Mathieu passa la main dans la chevelure de Clara, caressant doucement ses ondulations brunes en gardant sa tête contre son torse.

Tout à l’écoute de sa respiration, il parcourut de nouveau son flanc des doigts, plissant le tissu de son corset. Le souffle de Clara s’était calmé, maintenant, prenant un rythme plus régulier. Bien malgré lui, il se rendait compte que la jeune femme appuyée contre son torse le troublait. Sous un caractère qu’il avait senti fort, il découvrait une personne sensible, fragile, sa façon de se serrer contre lui témoignant de son besoin comme d’une étonnante acceptation, trop forte pour une première fois… trop enivrante pour lui.

Après un temps d’hésitation, il enroula les doigts autour de l’un des tétons de Clara. Un frémissement se fit, ses paupières se fermant dans l’excitation. Il observa plus qu’attentivement ses réactions. Lorsqu’il augmenta la pression, elle se contracta, jusqu’à émettre une faible plainte quand la torsion s’intensifia encore. Elle ne fit cependant rien pour s’y soustraire et haleta ensuite de plaisir quand il retourna s’emparer de son sexe sans pour autant soulager son mamelon. Elle enfouit son visage dans son épaule, comme pour oublier la brûlure sur sa poitrine. Alors, il la relâcha. Un temps, il posa les lèvres sur la peau blanche à sa portée, en humant la fragrance durant un moment de réflexion. Il devait faire attention, lui-même, à ce qu’il faisait, plus encore qu’il n’en avait l’habitude.

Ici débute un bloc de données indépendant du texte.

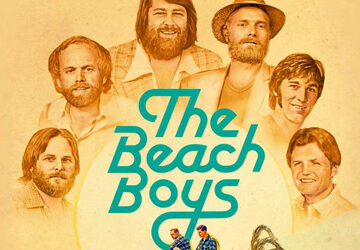 The Beach Boys / Disney+ (2024)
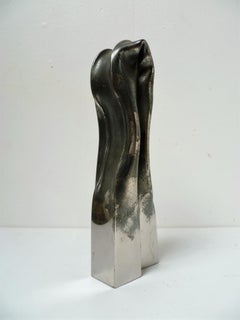 Zeitgenössische Kunst von Frdrick Mazoir - Magmatisme 06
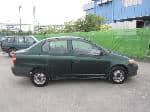Used 1999 TOYOTA PLATZ BF67284 for Sale Image 6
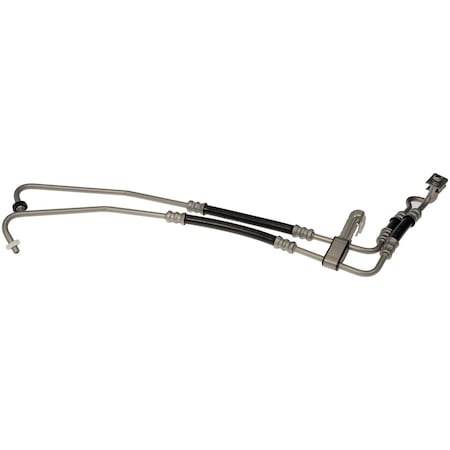 Dorman Transmission Line 624-645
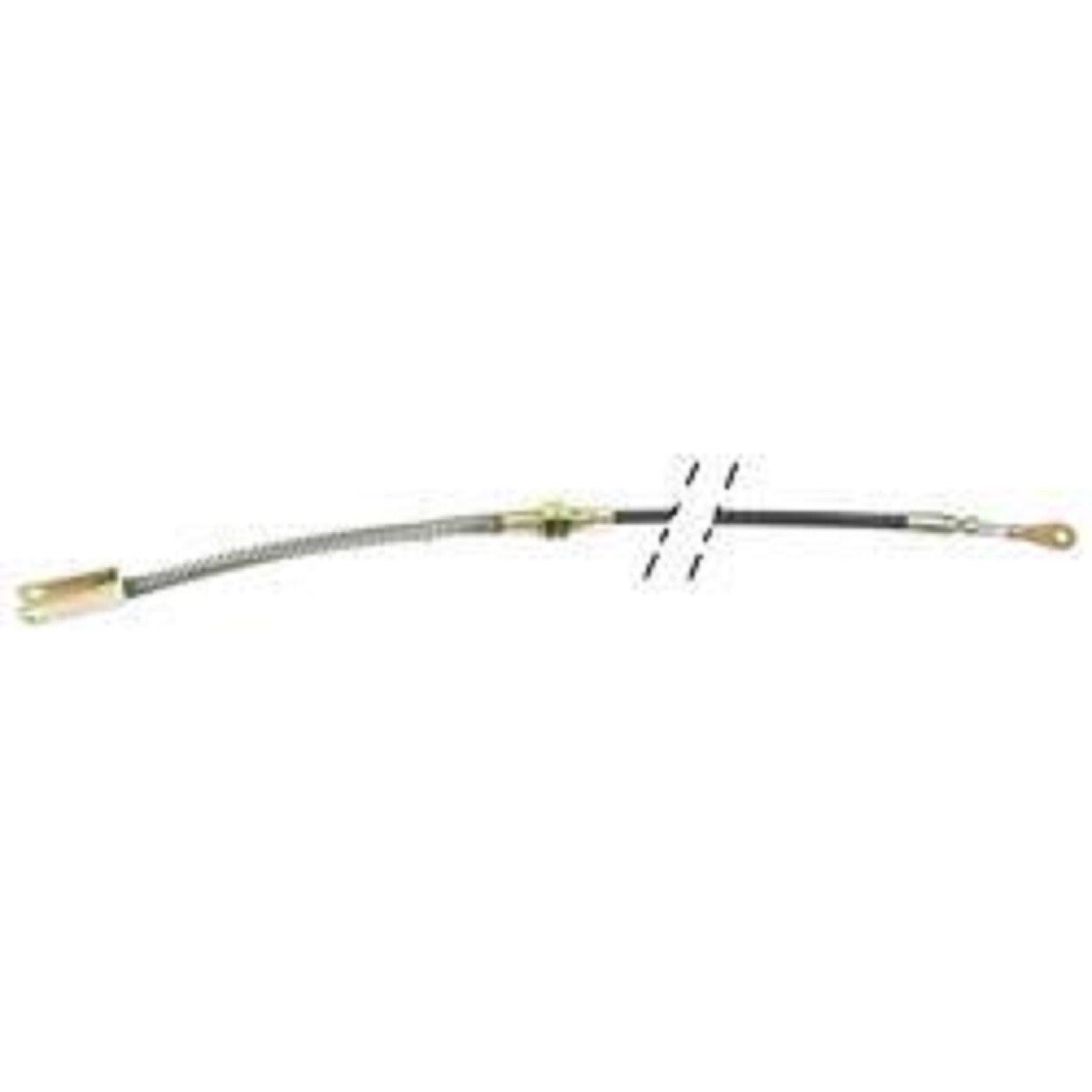 FOR HYSTER CABLE - BRAKE RH 309188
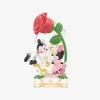 Cenários da série Os Sonhos Maravilhosos de Mickey e Seus Amigos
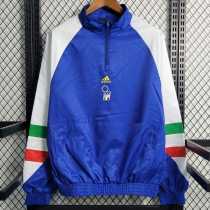 23 24 Italy Windbreaker AAA43950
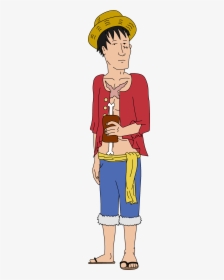 One Piece King Of The Hill, HD Png Download, Free Download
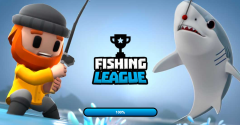 Fishing League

Sa main passa, en une caresse apaisante, dans la chevelure de Clara. Celle-ci ne vit pas le sourire tendre de Mathieu, ses paupières étant restées fermées. Puis il se pencha sur son visage, sa voix se chargeant d’une langueur érotique.

– Je vais t’attacher, souffla-t-il dans son oreille.

La promesse la fit frémir.

– Je vais lier tes bras à ton buste et puis… je t’allongerai sur le lit. Là-bas.

Elle redressa le visage et leva vers lui des yeux brillants. Son état de trouble était flagrant.

– On s’occupera de ces jolies fesses, poursuivit-il avec envie. Je te donnerai quelques coups. À ma convenance. Tu auras mal… et plus tu auras mal, plus tu aimeras. Tu aimeras plus que tu ne peux l’imaginer. Si tu le veux, je te mettrai un bâillon. Et enfin, si tu es sage, si tu joues bien ton rôle et si le spectacle que tu m’offres me plaît, je te prendrai. Je t’écarterai les cuisses, j’enfoncerai mon sexe entre tes jambes et je te baiserai pendant que tu seras encore attachée.

Il la vit déglutir.

– C’est OK ?

***

Claire ne sut comment réagir. En plongeant dans le regard de Mathieu, elle se rendit cependant compte que ce dernier n’attendait pas forcément de réponse de sa part. Ces paroles étaient seulement une façon de lui rappeler que rien de ce qui se passait ici n’était fait sans son consentement, qu’elle pouvait toujours choisir et qu’elle le pourrait à tout instant.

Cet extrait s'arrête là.